Os pedidos de Eutanásia por parte dos doentes são muitas vezes pedidos de
ajuda, implorações para que se pare o sofrimento!
No Brasil a eutanásia é considerada homicídio, já na Holanda é permitida
por lei e na Bélgica registrou se 705 casos da eutanásia durante o ano
passado, 42% a mais do que em 2007.
A discussão sobre a eutanásia é multifocal e leva a uma reflexão sobre o
significado da dignidade humana, seja no sentido de respeitar o direito de
viver, seja na oportunidade de respeitar o direito de morrer com
dignidade, a partir do instante que a morte é justa.
Na medicina avançamos na possibilidade de salvar mais vidas, e criamos
automaticamente complexos dilemas éticos que permitem maiores dificuldades
para um conceito mais ajustado do fim da existência humana. O aumento da
eficácia e a segurança das novos tratamentos motivam questionamentos
quanto aos aspectos econômicos, éticos e legais resultantes do emprego
exagerado de tais medidas e das suas possíveis indicações inadequadas.

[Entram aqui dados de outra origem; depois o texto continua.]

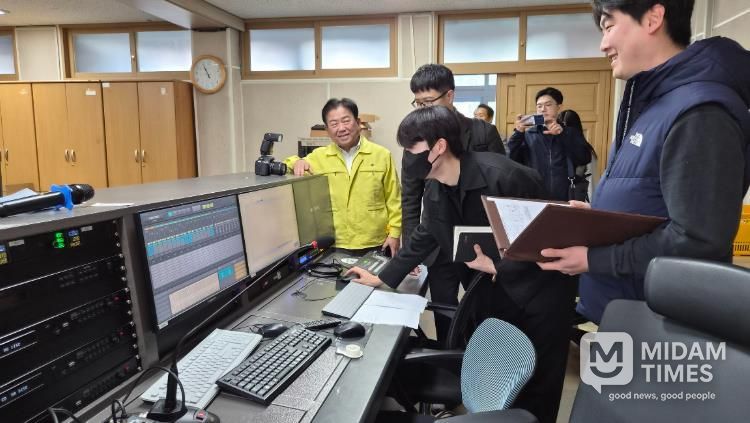 광주시교육청이 6일 광주고등학교에서 교육부, 한국교육시설안전원과 함께 수능시험장 방송시설을 점검하고 있다.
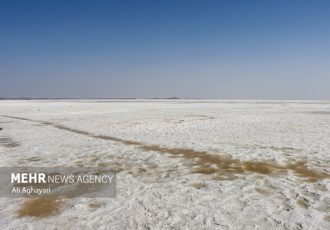 سراب وعده‌ها بر پهنه دریاچه ارومیه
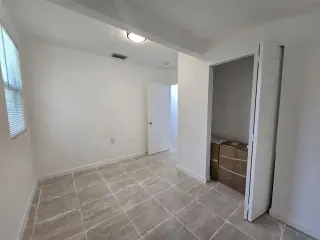 Propiedad en alquiler con 2 habitaciones y 1 baño en Miami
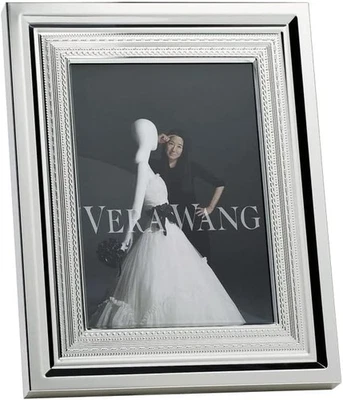 Vera Wang para Wedgwood With Love Frame - Imagem 1 de 4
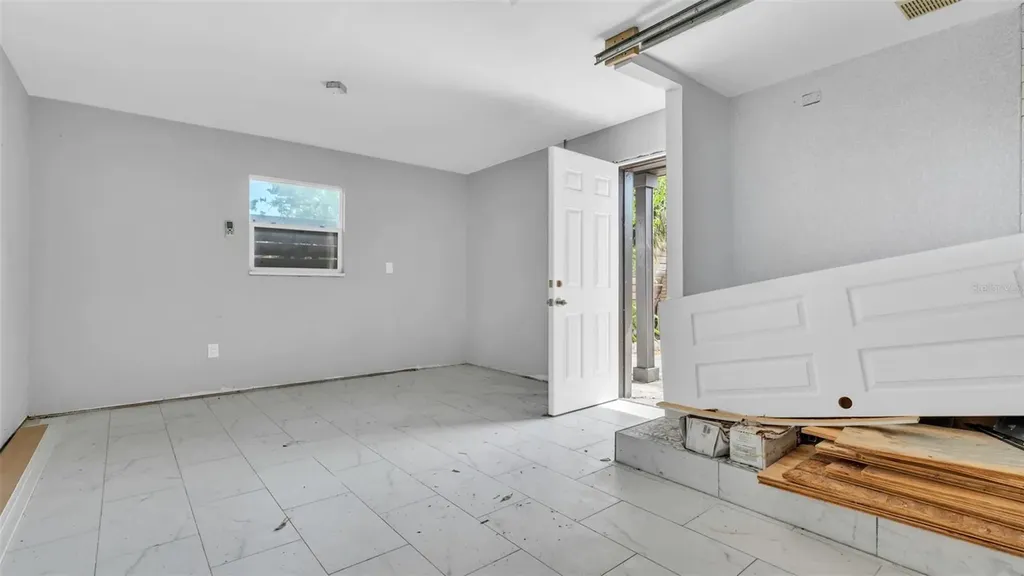 2906 W Nassau Street Tampa FL 33607
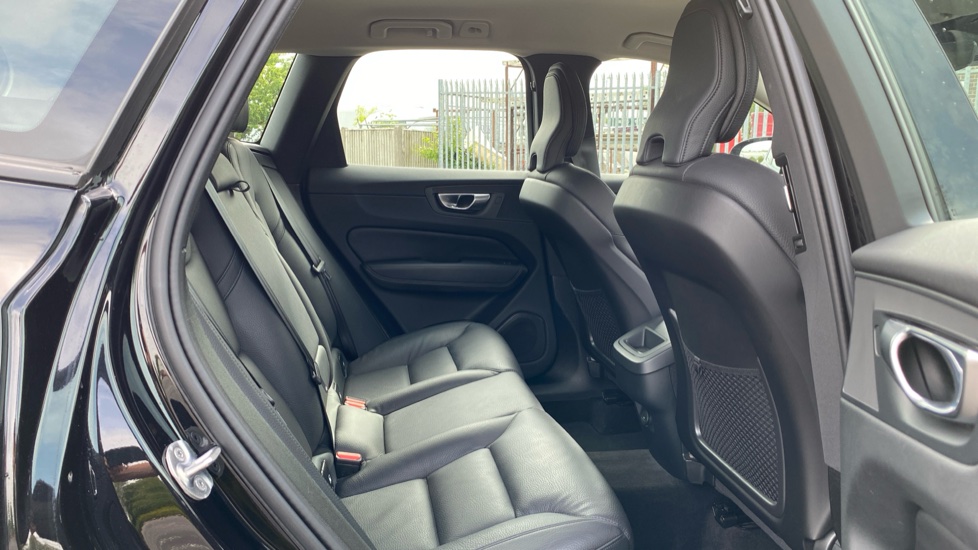 Volvo XC60 2.0 B5P Core 5dr AWD Geartronic Petrol Estate - Image 6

O atual Código Penal, não especifica o crime da eutanásia. O médico que a
pratica comete crime de homicídio simples, tipificado no artigo 121, com
pena de 6 a 20 anos de reclusão.
Nem a lei nem a ética médica exigem que “tudo seja feito” para manter uma
pessoa viva. A insistência, contra o desejo do paciente, em adiar a morte
com todos os meios disponíveis não é prática corrente nos hospitais. Seria
algo cruel e desumano. A morte é algo de natural e não se justifica a sua
recusa absoluta. Há um momento a partir do qual as tentativas de curar
podem deixar de demonstrar compaixão ou de fazer sentido sob o ponto de
vista médico. O esforço deve ser posto em tornar o tempo de vida que reste
ao doente o melhor possível. A intervenção médica pode-se limitar a
aliviar a dor e outros sintomas de sofrimento
Enfim, esse é um tema amargo. Mas altamente reflexivo que pelo menos nos
faz enxergar melhor o sofrimento do outro.
A solidariedade médica é quase um ato obrigatório e humanizado. Mesmo sob
as polemicas questões entre a vida e a morte.